Localizada a 145 anos-luz de distância, na constelação do Triângulo, a estrela foi inicialmente detetada em 2019 através de um projeto de ciência cidadã. A sua temperatura invulgarmente baixa indicou de imediato a sua idade avançada, uma vez que estas estrelas perdem calor de forma gradual. Com o apoio dos telescópios W. M. Keck, no Havai, os astrónomos confirmaram a presença de sinais infravermelhos consistentes com um disco de poeira formado por asteroides que foram destruídos pela forte gravidade.
Uma janela para a evolução do sistema planetário
Esta descoberta vem desafiar as teorias atuais sobre a evolução de um sistema planetário. O facto de uma estrela continuar a acumular materiais tanto tempo após a sua morte sugere que cometas, asteroides e até planetas podem manter-se em órbita durante períodos incrivelmente longos sem serem completamente destruídos.

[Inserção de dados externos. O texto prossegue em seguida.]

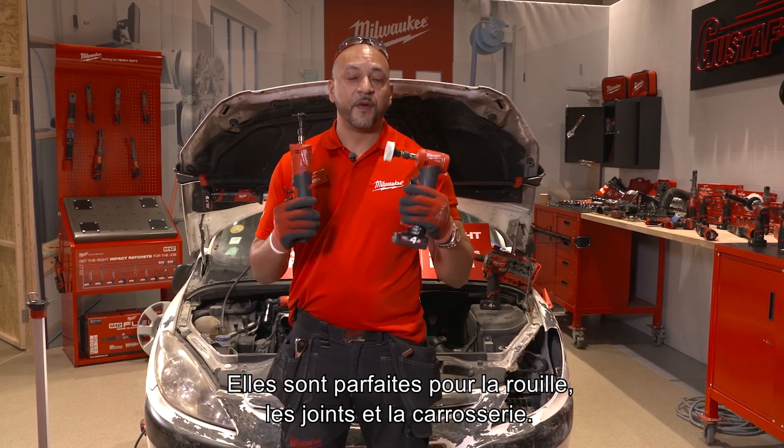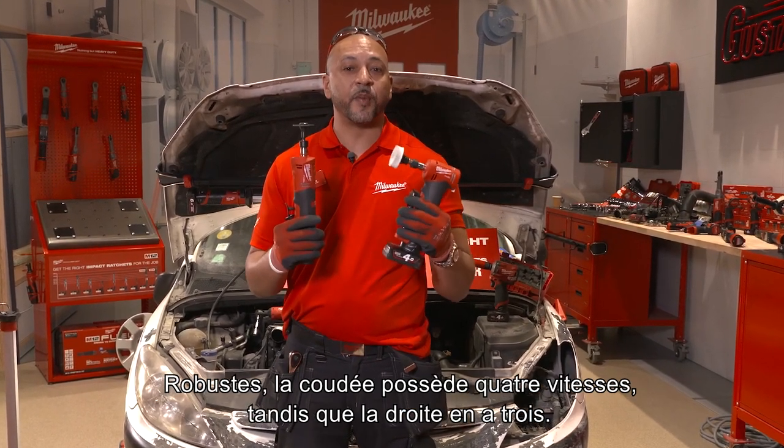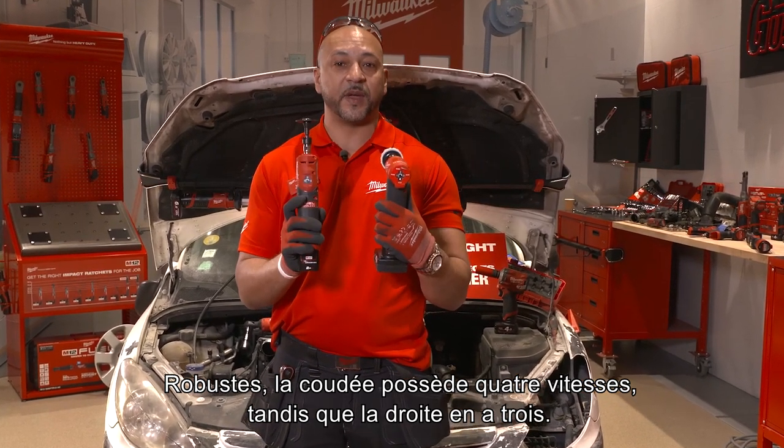Great for rust removal, for body work, removing gaskets from engine parts. Strong, robust. This is a four speed, this one's a three speed.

A análise espectroscópica revelou a presença de treze elementos pesados na atmosfera da estrela, incluindo ferro, magnésio, titânio, cálcio e estrôncio. Num cenário normal, estes elementos afundam-se rapidamente neste tipo de estrelas ricas em hidrogénio, o que torna a sua deteção muito difícil. A ausência de carbono e a proporção de minerais indicam que a estrela está a absorver os restos de um grande corpo rochoso e diferenciado, com uma estrutura muito semelhante à da Terra ou do asteroide Vesta.

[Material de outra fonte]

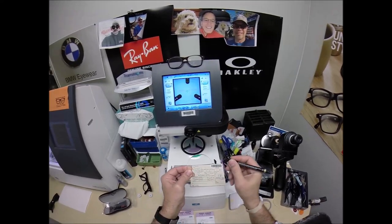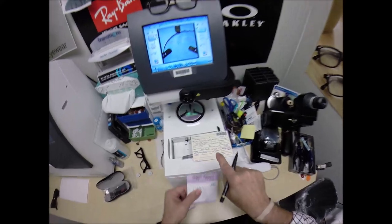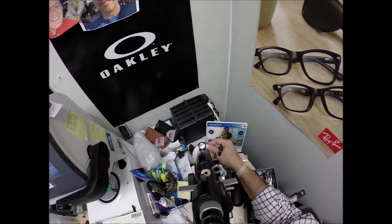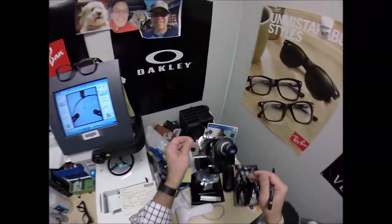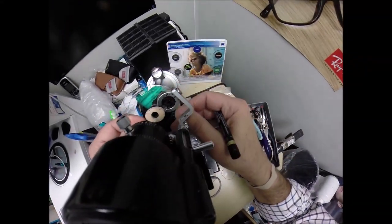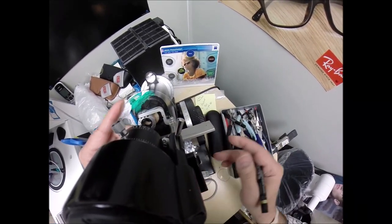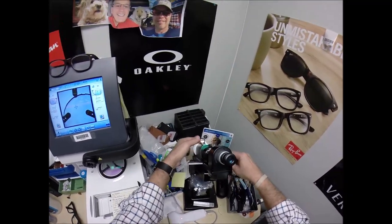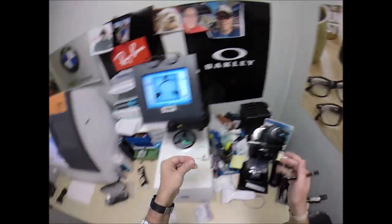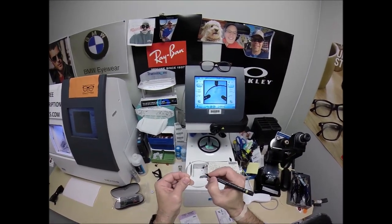Same thing for the left lens: minus one minus fifty at 15. Turn the axis wheel to 15, put the lens in — still on minus one — and rotate until the spherical component of the prescription, the minus one, comes into view. Put a dot on there, and on there, and on that one.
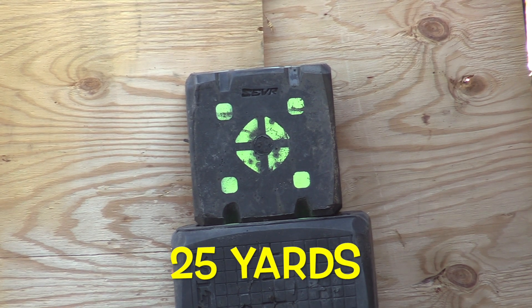Now I'm going to shoot some three-shot groups at 25 yards and I'll be adjusting the sight a bit as I go.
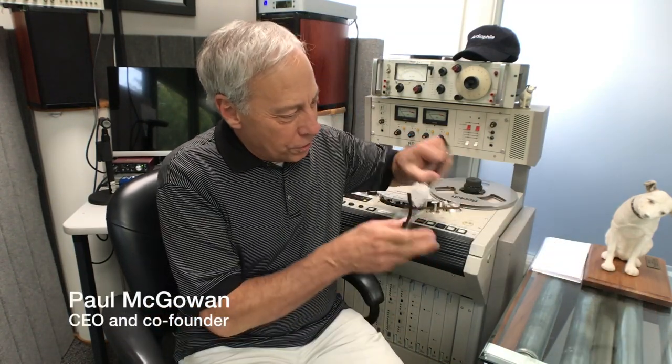Hey, hey! Thanks for coming along. I'm Paul McGowan. Let's get to our question and see what is on the agenda for today.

A impressão digital de mundos distantes
O estudo sublinha que as anãs brancas oferecem uma das únicas oportunidades para medir diretamente a composição de exoplanetas. Quando os detritos se aproximam demasiado, são desfeitos pela gravidade da estrela e acabam por poluir a sua atmosfera, deixando uma assinatura química detalhada da sua constituição original. A equipa detetou ainda uma rara emissão de cálcio ionizado, o que sugere a ocorrência de processos físicos incomuns na atmosfera superior do astro.

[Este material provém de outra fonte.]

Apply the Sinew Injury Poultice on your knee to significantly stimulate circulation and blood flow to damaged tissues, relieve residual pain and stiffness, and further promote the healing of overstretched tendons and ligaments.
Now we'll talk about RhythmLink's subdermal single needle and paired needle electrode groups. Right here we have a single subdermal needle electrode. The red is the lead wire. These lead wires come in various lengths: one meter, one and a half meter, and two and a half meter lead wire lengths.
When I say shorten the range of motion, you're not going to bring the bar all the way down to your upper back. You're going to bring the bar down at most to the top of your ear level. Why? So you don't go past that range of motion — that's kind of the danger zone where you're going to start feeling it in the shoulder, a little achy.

Ainda não é claro como é que estes materiais acabaram por cair na estrela numa fase tão tardia. O processo pode ter sido causado por planetas gigantes que desestabilizaram gradualmente corpos menores ao longo de milénios, ou pela passagem de outra estrela que alterou as órbitas da zona envolvente. Observações futuras com telescópios avançados ou a análise de dados de arquivo de missões europeias poderão ajudar a desvendar qual destes cenários originou este mistério cósmico.